Along with providing first-hand testimony of the Holocaust, Franklin credited the 13-year-old with helping to establish the genre of young adult literature.
“She makes the idea of a teenage girl as a narrator legitimate,” Franklin said, noting that Anne’s diary was the first book published in Japan to mention a menstrual cycle. “When Otto wanted to publish Anne’s diary, people literally said to him, ‘Who is going to read that?’ The answer is, I guess, 100 million people all around the world over the last 80 years.”
However, there have been concerns in recent years that portions of Anne’s diary are not appropriate for children. In one passage, Anne writes about asking to touch a friend’s breast during a sleepover and goes on to describe her affection for the female body. Conservative groups such as Moms for Liberty have argued that students should not be exposed to this material, which they call “LGBTQ content,” and have successfully banned a graphic novel adaptation of the diary depicting this account in school districts in Texas and Florida.
“It’s quite disingenuous when people from these groups say we’re not censoring Anne Frank, just this new graphic novel, because this story has existed in every publication of the diary in the United States,” Franklin said. “I see it as anti-semitic to target the diary in this way and I also see it as anti-gay. I think it’s a tragedy that these groups are hoisting their agenda on kids in this country.”
Erasing Jewish identity
Otto didn’t want his daughter’s diary to be perceived as a “Jewish book,” but instead one that could inspire people of all religions and backgrounds to fight for peace, according to Franklin. His dream came true, as Anne’s diary has influenced many non-Jewish groups in their fight for equal rights, including anti-apartheid activists in South Africa like Nelson Mandela who read the diary while imprisoned.
But Otto also wanted his daughter’s life to serve as a reminder of the threat of antisemitism to prevent another Holocaust from taking shape. However, the significance of Anne’s Jewish identity has been the subject of controversy in various adaptations of her diary, such as a 1955 Broadway play that was accused of downplaying the diary’s Jewish content to “universalize” the show.

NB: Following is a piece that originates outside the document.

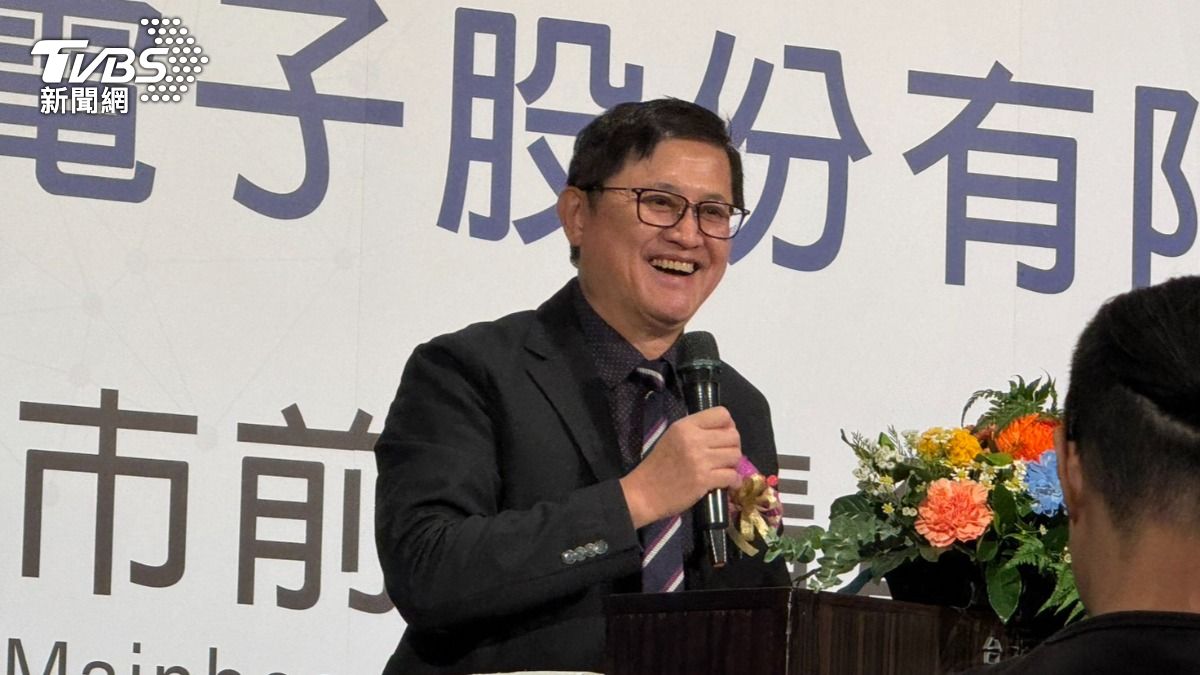 和碩集團董事長童子賢今(20)日親自出席永擎電子上市前業績發表會。(圖/謝佩穎攝)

Franklin said efforts like this paint Anne as a “poster child for oppression” instead of the unique human being she was. Franklin also said she believes Anne’s life has been exploited by figures across the political spectrum who assign her political positions she couldn’t have had in order to support their agendas, diminishing her humanity in the process.
“Without also appreciating her individuality, to say that today’s Anne Frank is a refugee from the Middle East, a Latin American migrant or whomever else we might imagine her to be plays into the hands of those who persecuted her,” Franklin wrote in a recent opinion essay published by The New York Times. “The erasure of the specifics of Anne Frank’s life and death risks implying that antisemitism is no longer a destructive force.”
After the hour-long event, Paul Grondahl, director of the New York State Writers Institute, said in an interview that the institute hoped this talk would further people’s understanding of the Holocaust in order to better recognize present-day injustices.
“Ruth didn’t want to be overtly political,” Grondahl said, “but I think in this time of authoritarian rule around the world, and certainly beginning in this country, I think it’s really timely.”